>>>>>
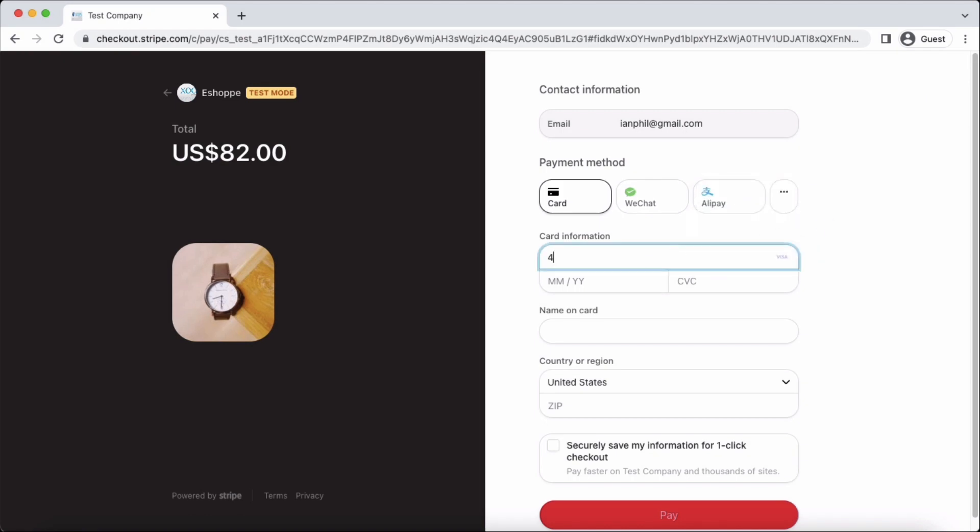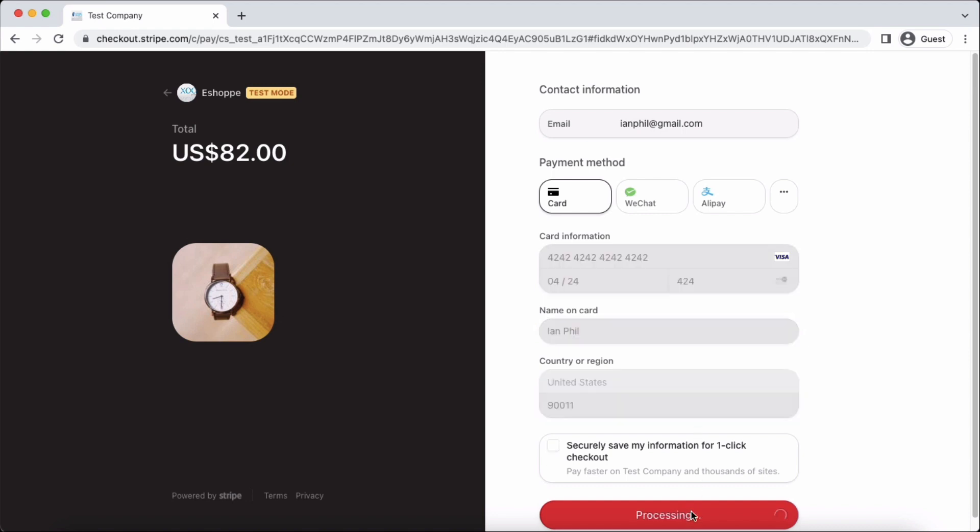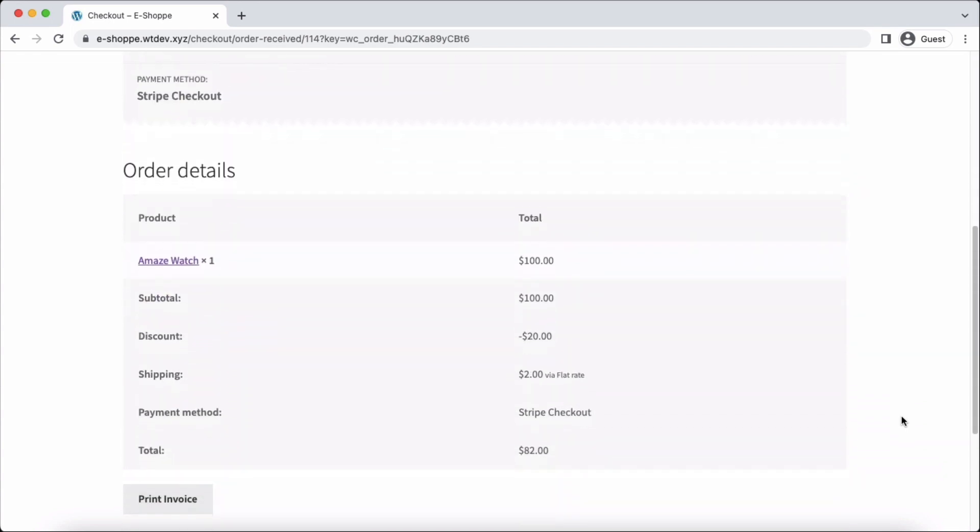Let's fill in the card information. Add the name field and the zip code. Then click on the Pay button to complete the payment. Your order will be successfully placed.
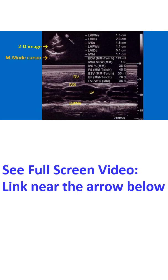In the earlier era, M-Mode transducers did not have 2D facility and it was almost a blind imaging. But now M-Mode cuts are guided using 2D images.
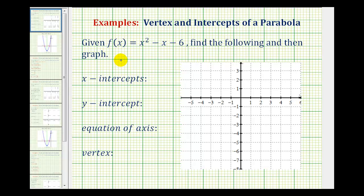In this problem, we're given a quadratic function in general form. We want to find the x-intercepts, the y-intercept, the equation of the axis of symmetry, the vertex, and then graph the function.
<<<<<
● ABOUT THIS TASK: Copy out the lines above in full and unaltered, apart from the pictures.

● ANSWER FOR THIS EXERCISE:
Let's fill in the card information. Add the name field and the zip code. Then click on the Pay button to complete the payment. Your order will be successfully placed.
In the earlier era, M-Mode transducers did not have 2D facility and it was almost a blind imaging. But now M-Mode cuts are guided using 2D images.
In this problem, we're given a quadratic function in general form. We want to find the x-intercepts, the y-intercept, the equation of the axis of symmetry, the vertex, and then graph the function.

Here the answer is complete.